Britain will continue to take action to prosecute or extradite suspected war criminals – regardless of their status or power.
The theory - now the facts.
Chilean dictator, Augusto Pinochet, was arrested as he landed at London's Heathrow airport in 1998 on a human rights warrant (torture) issued by a Spanish judge. He was held under house arrest in sumptuous accommodation on the millionaires Wentworth Estate, while his case dragged through the courts. He was released after much wrangling and gnashing of teeth by the likes of former Her Fuhrership, Margaret Thatcher, former His Fuhrerness, George (Poppy)Bush, and others in the International Arms Trade and Fuck You Party.
Pinohet was eventually released by the court (i.e., the Lords) because it was deemed that the arrest was invalid because it was for crime committed before 1988, the year when UK legislation was implemented for the UN Convention Against Torture in the Crimial Justice Act 1988.

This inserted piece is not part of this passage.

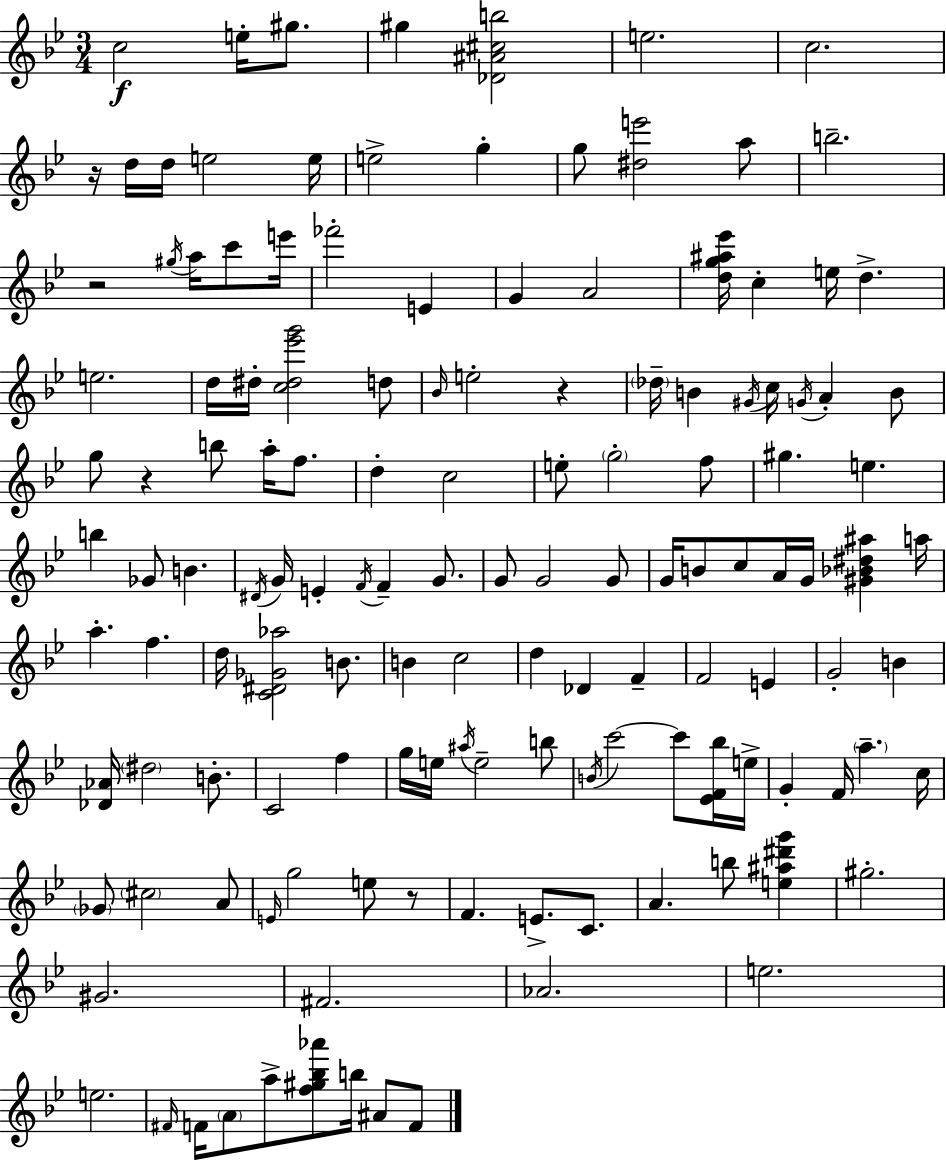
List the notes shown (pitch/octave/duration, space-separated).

C5/h E5/s G#5/e. G#5/q [Db4,A#4,C#5,B5]/h E5/h. C5/h. R/s D5/s D5/s E5/h E5/s E5/h G5/q G5/e [D#5,E6]/h A5/e B5/h. R/h G#5/s A5/s C6/e E6/s FES6/h E4/q G4/q A4/h [D5,G5,A#5,Eb6]/s C5/q E5/s D5/q. E5/h. D5/s D#5/s [C5,D#5,Eb6,G6]/h D5/e Bb4/s E5/h R/q Db5/s B4/q G#4/s C5/s G4/s A4/q B4/e G5/e R/q B5/e A5/s F5/e. D5/q C5/h E5/e G5/h F5/e G#5/q. E5/q. B5/q Gb4/e B4/q. D#4/s G4/s E4/q F4/s F4/q G4/e. G4/e G4/h G4/e G4/s B4/e C5/e A4/s G4/s [G#4,Bb4,D#5,A#5]/q A5/s A5/q. F5/q. D5/s [C4,D#4,Gb4,Ab5]/h B4/e. B4/q C5/h D5/q Db4/q F4/q F4/h E4/q G4/h B4/q [Db4,Ab4]/s D#5/h B4/e. C4/h F5/q G5/s E5/s A#5/s E5/h B5/e B4/s C6/h C6/e [Eb4,F4,Bb5]/s E5/s G4/q F4/s A5/q. C5/s Gb4/e C#5/h A4/e E4/s G5/h E5/e R/e F4/q. E4/e. C4/e. A4/q. B5/e [E5,A#5,D#6,G6]/q G#5/h. G#4/h. F#4/h. Ab4/h. E5/h. E5/h. F#4/s F4/s A4/e A5/e [F5,G#5,Bb5,Ab6]/e B5/s A#4/e F4/e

The moral of this story is that where there is a will (and usually some cash involved), there is always wiggle room for finding the appropriate hiding place.
The shadow is a moral problem that challenges the whole ego-personality, for no one can become conscious of the shadow without considerable moral effort. To become conscious of it involves recognizing the dark aspects of the personality as present and real. This act is the essential condition for any kind of self-knowledge.